The exhibition is dedicated to two recently deceased eminent artists – Krzysztof Penderecki and Adam Zagajewski. Krzysztof M. Bednarski is the author of the sarcophagus sculptures dedicated to them in the National Pantheon at the Church of St Apostles Peter and Paul. The exhibition at MOCAK will be a broader presentation of his commemorative art.

Nowadays, original funerary sculpture is rare. Krzysztof M. Bednarski has succeeded in transposing art into the context of death and its singular place of display – the cemetery. The artist has rejected functional forms and traditional, over sentimental symbolism. He has created new symbols of the life after death, which draw from the personality of the deceased.

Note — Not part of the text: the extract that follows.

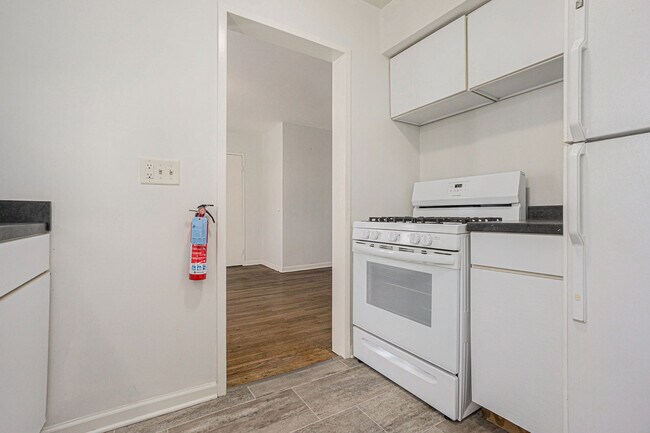 Foto del edificio - 2025 Bronson Blvd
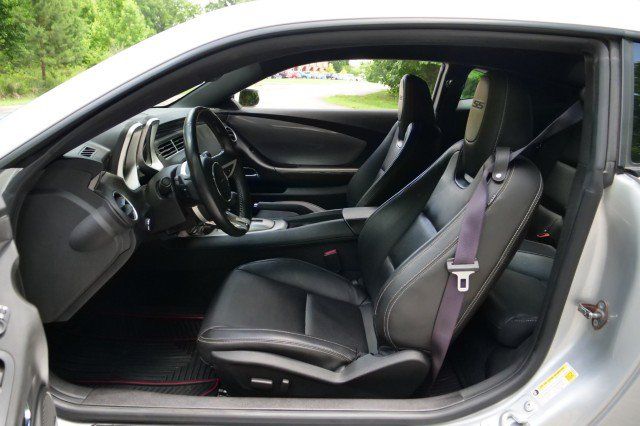 Used 2010 Chevrolet Camaro SS RWD image 28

The chapter of commemorative sculpture in Krzysztof. M. Bednarski’s art opened with the work Polish Thanatos (1984) – a sculpture dedicated to the deceased members of Jerzy Grotowski’s Laboratory Theatre company. A halved boat with a burnt tree covered in ash symbolises a journey, a passage to the other side. The work was created at a time when the artist did not yet feel up to undertaking the task of creating tombstones, despite numerous requests to do so. It was only years later that he realised that the best thing he could do for someone close to him who passed away was to make for them a tombstone that would reflect their personality. Since 1992, Bendarski has created over a dozen such projects, including tombstone for Krzysztof Kieślowski, Ryszard Cieślak, Wojciech Fangor, Krzysztof Krauze, and Tomasz Stańko. Each of them is a symbolic portrait of the deceased, a synthesis of his individual creativity. Krzysztof M. Bednarski shows that in order to create a enduring monument made of bronze what matters the most, besides the fine material used such as marble, granite or indeed bronze – is the form.